When the line containing "Thornton, New Hampshire" is found in the data below, copy it and each line after it through the line containing "Used 2026 Chevrolet", exactly and with no others.

(Dataset records Opens)

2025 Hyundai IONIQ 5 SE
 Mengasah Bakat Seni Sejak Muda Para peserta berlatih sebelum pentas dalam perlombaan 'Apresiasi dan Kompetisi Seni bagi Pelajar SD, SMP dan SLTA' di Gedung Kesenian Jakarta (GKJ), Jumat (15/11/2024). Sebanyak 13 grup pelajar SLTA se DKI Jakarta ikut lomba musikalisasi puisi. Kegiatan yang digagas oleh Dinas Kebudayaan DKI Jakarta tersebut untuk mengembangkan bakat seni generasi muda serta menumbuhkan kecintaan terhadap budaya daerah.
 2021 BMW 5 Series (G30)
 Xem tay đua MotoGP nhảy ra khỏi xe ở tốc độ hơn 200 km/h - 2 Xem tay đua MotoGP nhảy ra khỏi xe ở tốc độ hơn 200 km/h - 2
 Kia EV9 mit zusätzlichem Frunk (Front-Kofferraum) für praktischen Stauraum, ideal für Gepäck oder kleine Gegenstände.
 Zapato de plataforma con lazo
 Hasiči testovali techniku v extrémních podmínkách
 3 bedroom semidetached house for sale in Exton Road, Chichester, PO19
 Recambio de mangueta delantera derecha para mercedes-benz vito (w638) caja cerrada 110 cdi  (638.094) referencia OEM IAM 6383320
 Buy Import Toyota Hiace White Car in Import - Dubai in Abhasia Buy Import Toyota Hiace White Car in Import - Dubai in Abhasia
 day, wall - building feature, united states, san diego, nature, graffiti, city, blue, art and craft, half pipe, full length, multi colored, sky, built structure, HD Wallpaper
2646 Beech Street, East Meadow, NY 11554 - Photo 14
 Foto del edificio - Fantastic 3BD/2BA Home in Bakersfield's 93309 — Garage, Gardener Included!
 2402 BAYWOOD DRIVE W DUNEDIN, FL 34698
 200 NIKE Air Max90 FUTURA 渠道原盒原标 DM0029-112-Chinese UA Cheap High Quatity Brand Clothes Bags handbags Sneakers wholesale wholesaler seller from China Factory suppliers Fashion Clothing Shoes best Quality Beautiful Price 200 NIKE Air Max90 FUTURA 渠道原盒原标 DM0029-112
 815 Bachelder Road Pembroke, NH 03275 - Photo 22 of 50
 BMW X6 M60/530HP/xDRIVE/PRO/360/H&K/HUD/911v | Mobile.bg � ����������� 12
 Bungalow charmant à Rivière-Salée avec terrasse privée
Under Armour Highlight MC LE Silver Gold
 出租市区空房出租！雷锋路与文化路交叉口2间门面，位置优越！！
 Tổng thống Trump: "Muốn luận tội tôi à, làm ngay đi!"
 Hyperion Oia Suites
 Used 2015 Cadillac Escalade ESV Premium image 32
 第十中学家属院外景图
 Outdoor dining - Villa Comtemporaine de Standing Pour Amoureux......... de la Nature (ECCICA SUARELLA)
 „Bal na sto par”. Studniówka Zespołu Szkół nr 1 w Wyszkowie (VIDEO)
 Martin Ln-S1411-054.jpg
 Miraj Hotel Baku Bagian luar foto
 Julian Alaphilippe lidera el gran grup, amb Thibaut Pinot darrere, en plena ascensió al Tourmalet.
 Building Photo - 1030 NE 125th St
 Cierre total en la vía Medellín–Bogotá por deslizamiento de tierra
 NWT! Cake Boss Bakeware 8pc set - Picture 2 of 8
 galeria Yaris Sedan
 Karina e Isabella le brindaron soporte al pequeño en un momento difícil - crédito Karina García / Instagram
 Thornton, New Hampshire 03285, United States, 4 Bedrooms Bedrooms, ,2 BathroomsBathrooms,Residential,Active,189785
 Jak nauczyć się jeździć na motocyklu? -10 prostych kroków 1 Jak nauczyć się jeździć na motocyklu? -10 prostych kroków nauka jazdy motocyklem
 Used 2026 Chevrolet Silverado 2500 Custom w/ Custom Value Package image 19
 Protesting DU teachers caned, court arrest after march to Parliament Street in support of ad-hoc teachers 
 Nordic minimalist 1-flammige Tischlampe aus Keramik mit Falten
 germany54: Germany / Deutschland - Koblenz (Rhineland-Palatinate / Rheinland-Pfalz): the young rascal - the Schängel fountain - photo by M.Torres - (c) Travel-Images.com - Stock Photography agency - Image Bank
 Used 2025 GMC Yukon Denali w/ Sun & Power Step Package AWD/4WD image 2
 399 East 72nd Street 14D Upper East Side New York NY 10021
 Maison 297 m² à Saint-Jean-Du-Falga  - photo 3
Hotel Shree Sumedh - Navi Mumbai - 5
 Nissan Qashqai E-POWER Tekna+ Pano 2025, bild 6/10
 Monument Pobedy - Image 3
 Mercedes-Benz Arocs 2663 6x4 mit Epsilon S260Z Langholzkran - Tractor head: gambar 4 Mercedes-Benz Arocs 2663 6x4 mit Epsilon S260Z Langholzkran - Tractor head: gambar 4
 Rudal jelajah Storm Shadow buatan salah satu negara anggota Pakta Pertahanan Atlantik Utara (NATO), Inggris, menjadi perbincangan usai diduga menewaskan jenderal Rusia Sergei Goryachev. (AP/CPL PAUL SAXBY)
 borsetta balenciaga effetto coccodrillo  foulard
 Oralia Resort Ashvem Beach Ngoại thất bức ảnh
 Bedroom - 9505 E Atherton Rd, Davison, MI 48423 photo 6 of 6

(Dataset records Closes)

- _Your solution_:
 Thornton, New Hampshire 03285, United States, 4 Bedrooms Bedrooms, ,2 BathroomsBathrooms,Residential,Active,189785
 Jak nauczyć się jeździć na motocyklu? -10 prostych kroków 1 Jak nauczyć się jeździć na motocyklu? -10 prostych kroków nauka jazdy motocyklem
 Used 2026 Chevrolet Silverado 2500 Custom w/ Custom Value Package image 19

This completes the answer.